Do niedawna w dworcowym budynku była nie tylko poczekalnia dla osób czekających na pociąg, ale też dla pasażerów autobusów. Mieściła się tu również kasa biletowa oraz informacja. Kolej jednak wypowiedziała umowę firmie Veolia Transport Bieszczady (dawniej Connex) i teraz podróżni stoją pod chmurką, a bilety kupują w oddalonej o kilkaset metrów od przystanków zajezdni autobusowej.
- Goście wypoczywający w Bieszczadach nie mogą pojąć, jak w mieście uważanym za turystyczne może od miesięcy trwać taka sytuacja - mówi pracownica punktu informacyjnego Bieszczadzkiego Parku Narodowego. - Dobrze by było, gdyby władzom Ustrzyk udało się załatwić sprawę dworca przed zimą.
Co mówią przepisy

Ustawa z 8 września 2000 r. o komercjalizacji, restrukturyzacji i prywatyzacji przedsiębiorstwa Polskie Koleje Państwowe. Rozdział 6, art. 39, pkt 4: "Mienie, którego zagospodarowanie (…) nie jest możliwe, a względy ekonomiczne nie uzasadniają jego utrzymywania, może zostać zlikwidowane lub przekazane nieodpłatnie Skarbowi Państwa, jednostkom samorządu terytorialnego lub państwowym jednostkom organizacyjnym".
Art. 40, pkt 2: "PKP może zbyć składniki aktywów trwałych bez przeprowadzania przetargu w przypadku, gdy: nabywcą jest jednostka samorządu terytorialnego lub Skarb Państwa, a przedmiotem zbycia są nieruchomości przeznaczone na cele publiczne w planie zagospodarowania przestrzennego (…)".

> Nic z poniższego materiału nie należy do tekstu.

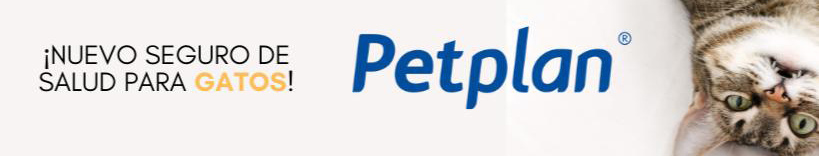 seguro gatos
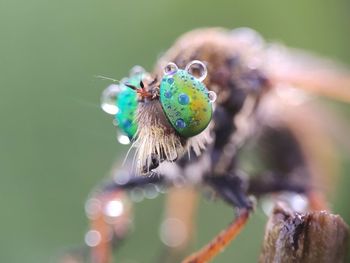 Close-up of butterfly on flower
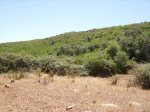 IMGP0083 (Copiar).JPG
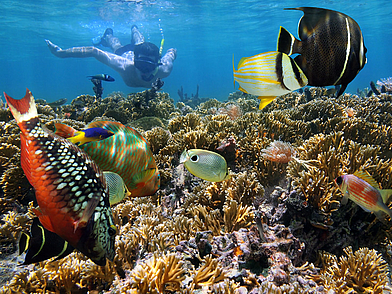 Schnorcheln im Meer vor Samara mit bunten tropischen Fischen und Korallenriffen, ein Highlight nach dem Sprachkurs.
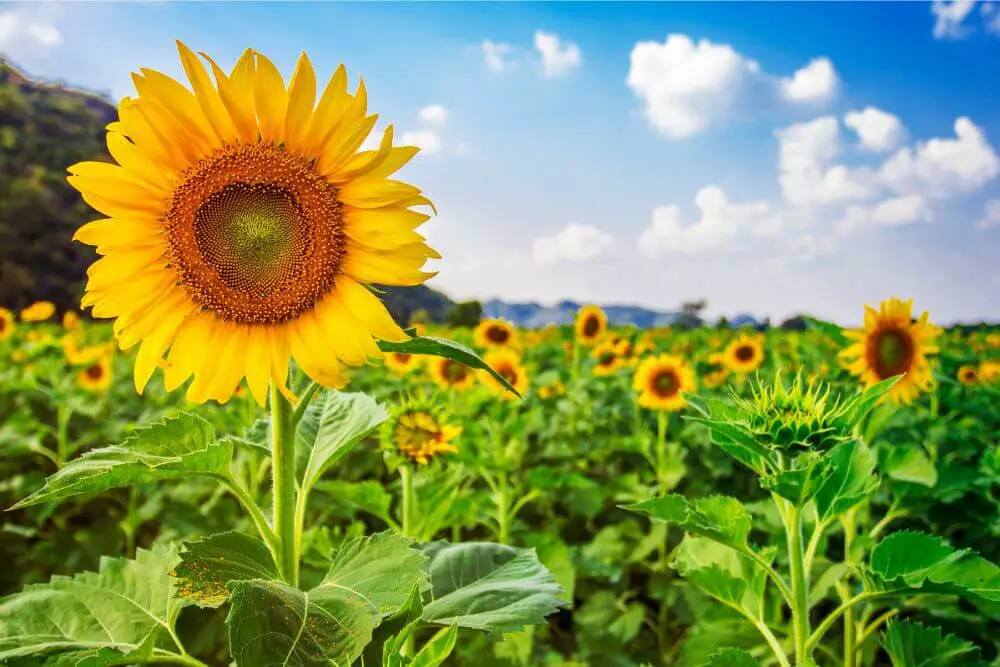 Wie tief wurzeln Sonnenblumen? hausgartengruen.de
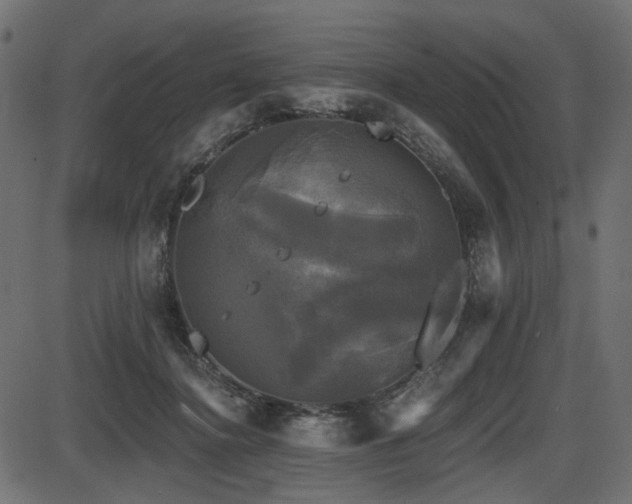 X0000087630364200705031451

Z pisma dyrekcji PKP (Oddział Gospodarowania Nieruchomościami) w Krakowie do burmistrza Ustrzyk Dolnych: "(…) przekazaniu może podlegać jedynie mienie zbędne w przypadku, kiedy jest to ekonomicznie uzasadnione. W/w działki (budynek plus przyległy teren - przyp. KP) nie spełniają tych warunków".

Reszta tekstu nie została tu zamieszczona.